Xmodel-2 / README.md

Update README.md

18d86e7 verified 9 months ago

2.69 kB

license: apache-2.0

Introduction

Xmodel-2 is a 1.2-billion-parameter large language model designed specifically for reasoning tasks. Its architecture enables different model scales to share a unified set of hyperparameters, allowing for extensive experimentation on smaller models and seamless transfer of optimal configurations to larger models. To maximize training efficiency and stability, Xmodel-2 employs the WSD learning rate scheduler from MiniCPM. Pretrained on 1.5 trillion tokens from diverse sources, Xmodel-2 achieves state-of-the-art performance in complex reasoning and agent-based tasks, while maintaining low training costs. These results highlight the potential of efficient model design and training strategies in advancing reasoning capabilities. Model checkpoints and code are publicly available on GitHub at https://github.com/XiaoduoAILab/Xmodel-2

For detail, you can read the paper at https://huggingface.co/papers/2412.19638

To use Xmodel-2 for the inference, all you need to do is to input a few lines of codes as demonstrated below. However, please make sure that you are using the latest code and related virtual environments.

import os
from transformers.models.auto.modeling_auto import AutoModelForCausalLM
from transformers.models.auto.tokenization_auto import AutoTokenizer


os.environ["CUDA_VISIBLE_DEVICES"] = "5"

model_path = os.path.expanduser("~/models/Xmodel-2")

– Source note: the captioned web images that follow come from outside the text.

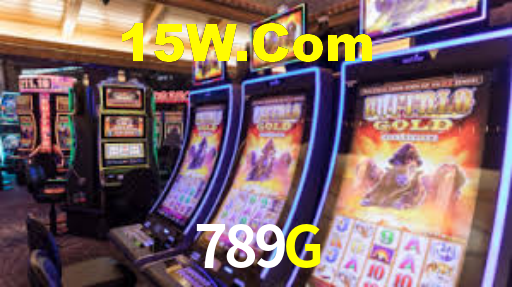 789G: Jogos de Caça-Níqueis-Altas Recompensas, Roleta-Velocidade, Blackjack-Desafios Máximos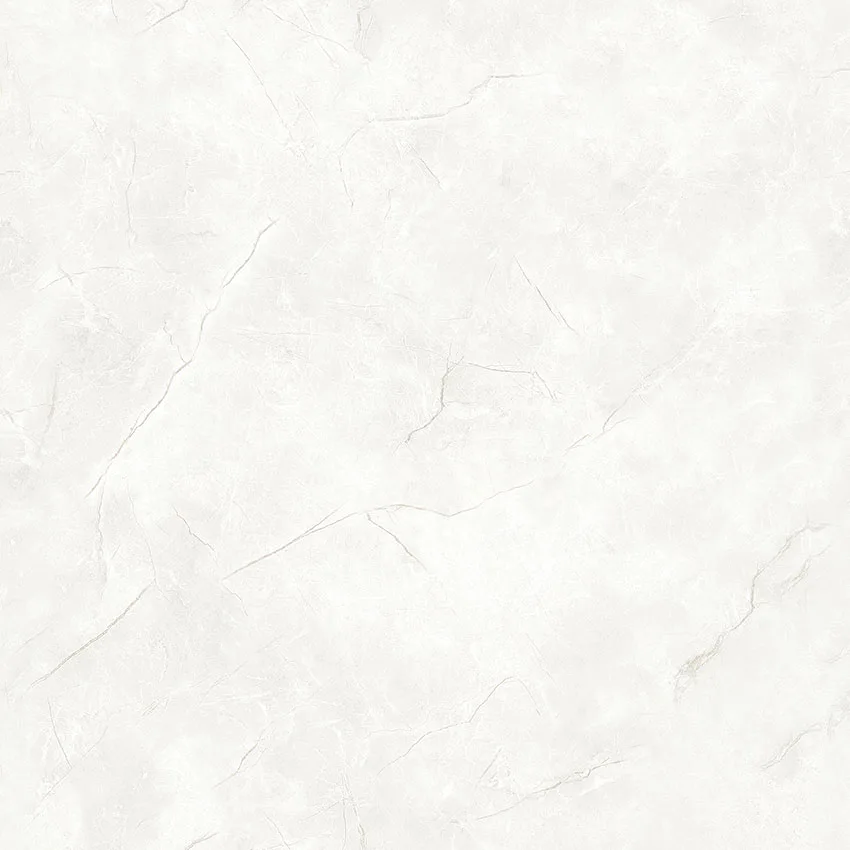 Gạch Ý Mỹ MT6005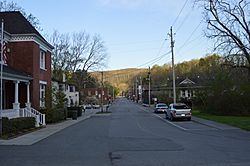 Colwyn Avenue in Cumberland Gap.jpg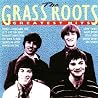Image of album by The Grass Roots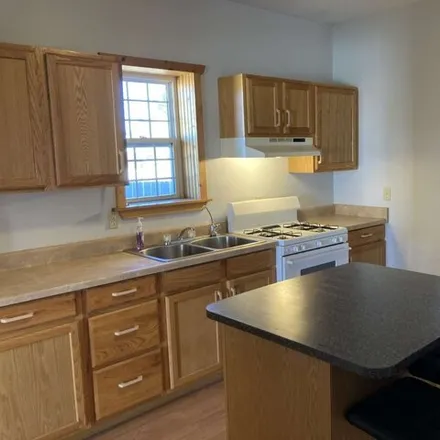 Buy this studio house on 744 South 4th Street in Tucumcari, NM 88401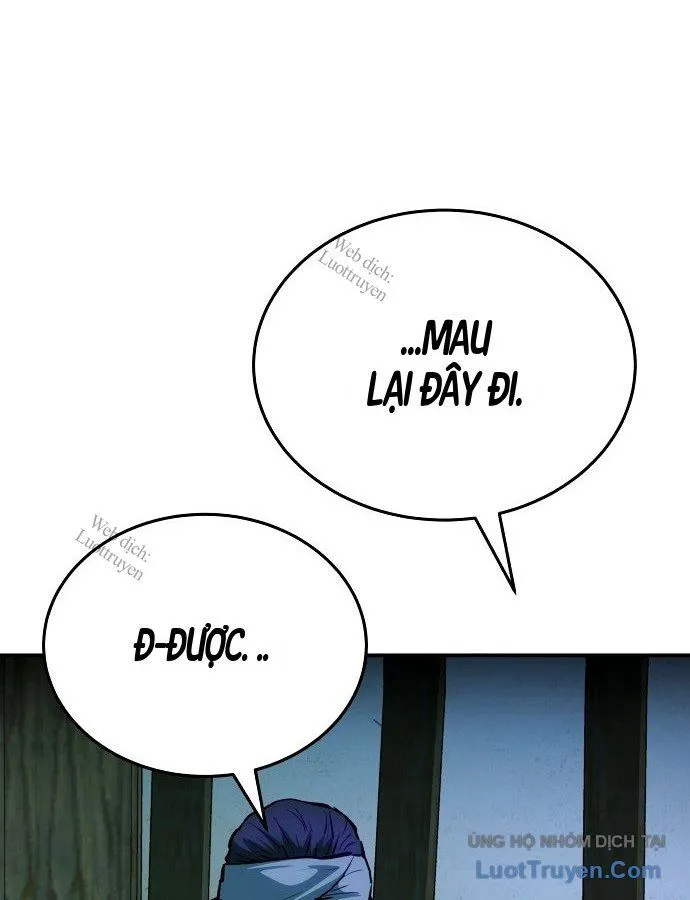 Trang 49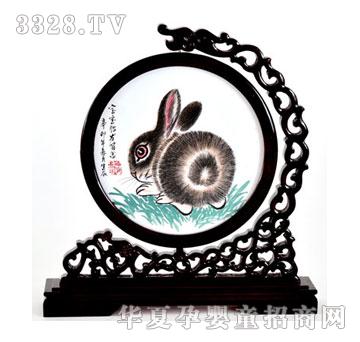 ��(��i)�������e����̥ë��(hu��)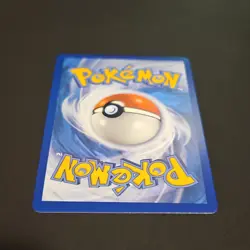 Pokemon Mew V Alternate Full Art Ultra Rare Holo Fusion Strike 251/264 HP 180 - Image 3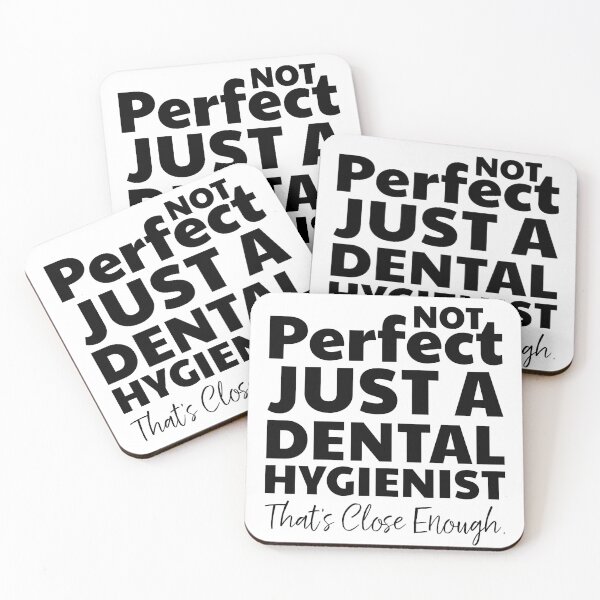 Item preview, Cool Dentist designed and sold by SeasonXpress.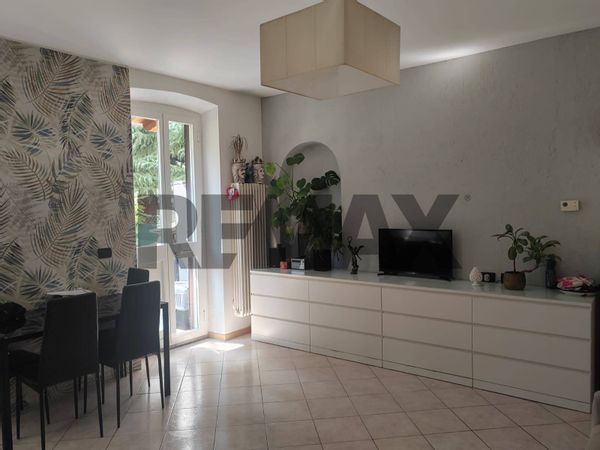 Appartamento Cornate d'Adda, MB Vendita - Foto 3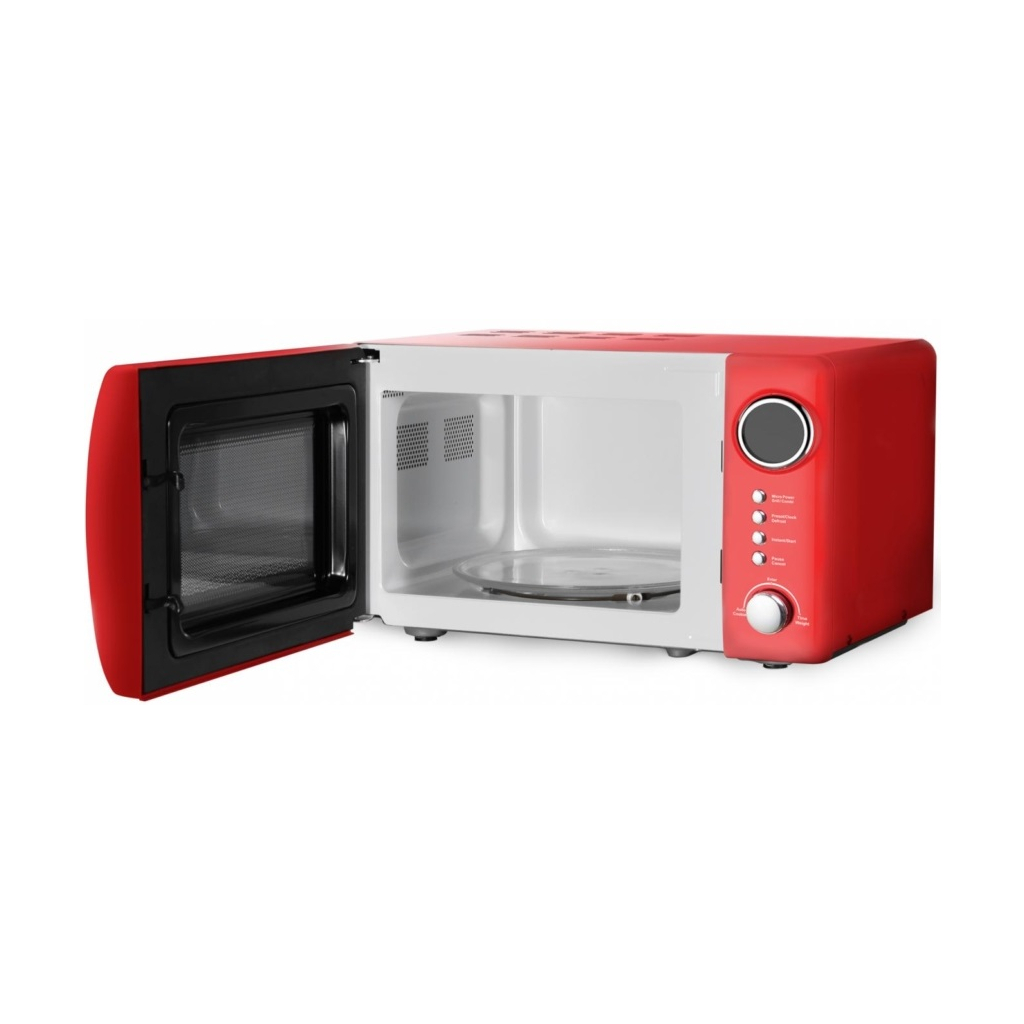 Микроволновая печь HEINNER HMW-20 GRD (HMW-20GRD) - 1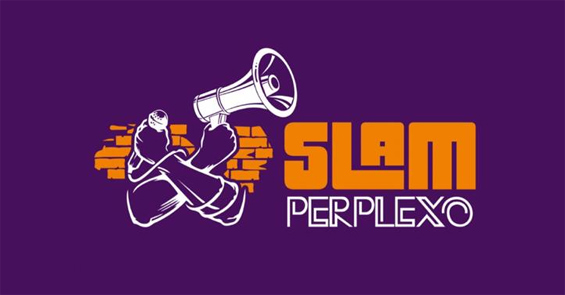 slam_perplexo
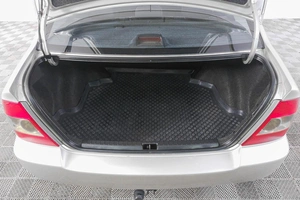 Седан Toyota Corolla 2005 года, 499000 рублей, Кемерово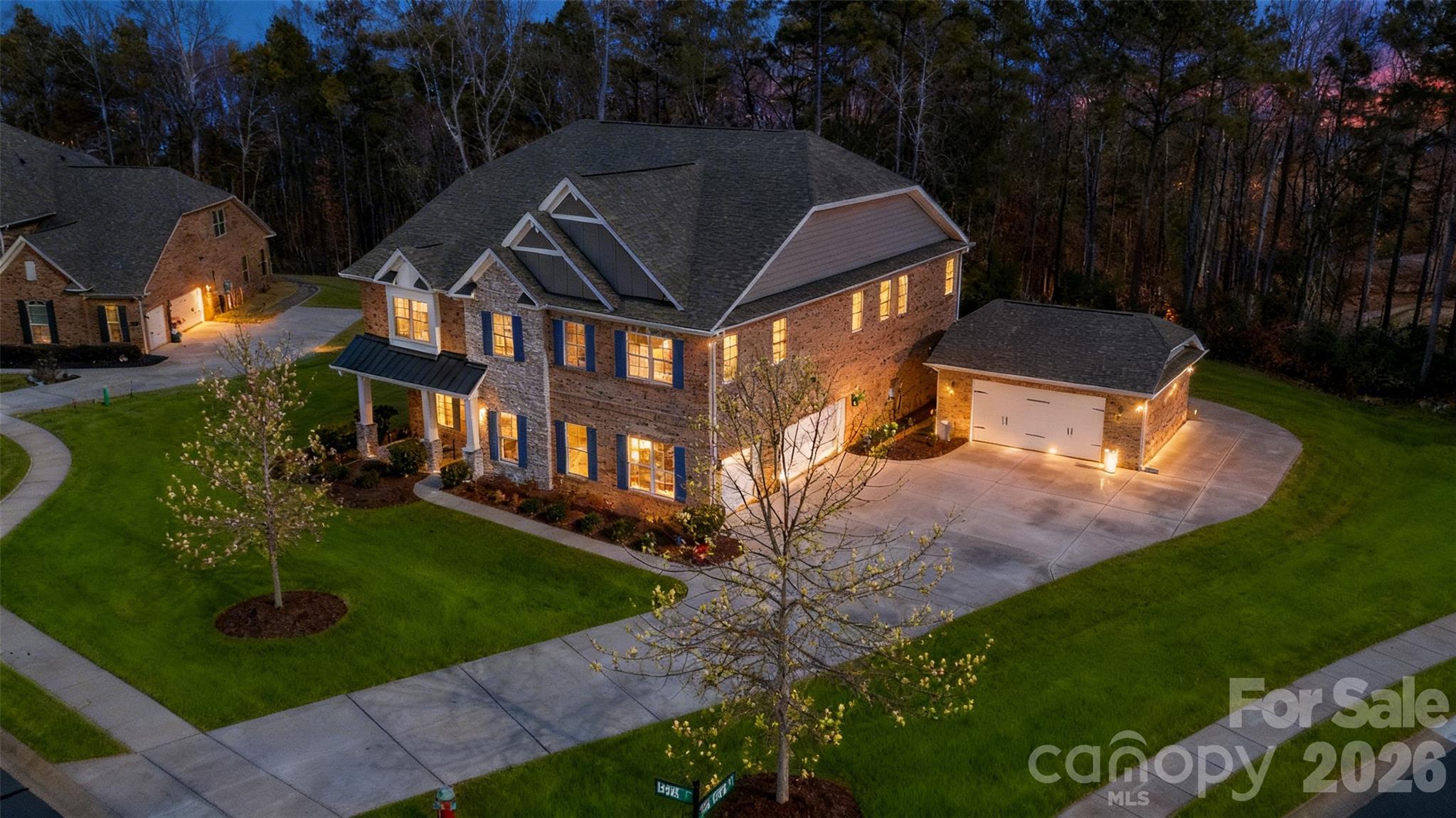 4008 Pinot Way Fort Mill SC 29707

model = AutoModelForCausalLM.from_pretrained(
    model_path,
    torch_dtype="auto",
    device_map="auto",
    trust_remote_code=True
)

tokenizer = AutoTokenizer.from_pretrained(
    model_path,
    trust_remote_code=True
)

prompt = "Give me a short introduction to large language model."
messages = [{"role": "user", "content": prompt}]

text = tokenizer.apply_chat_template(
    messages,
    tokenize=False,
    add_generation_prompt=True
)

model_inputs = tokenizer(text, return_tensors="pt").to(model.device)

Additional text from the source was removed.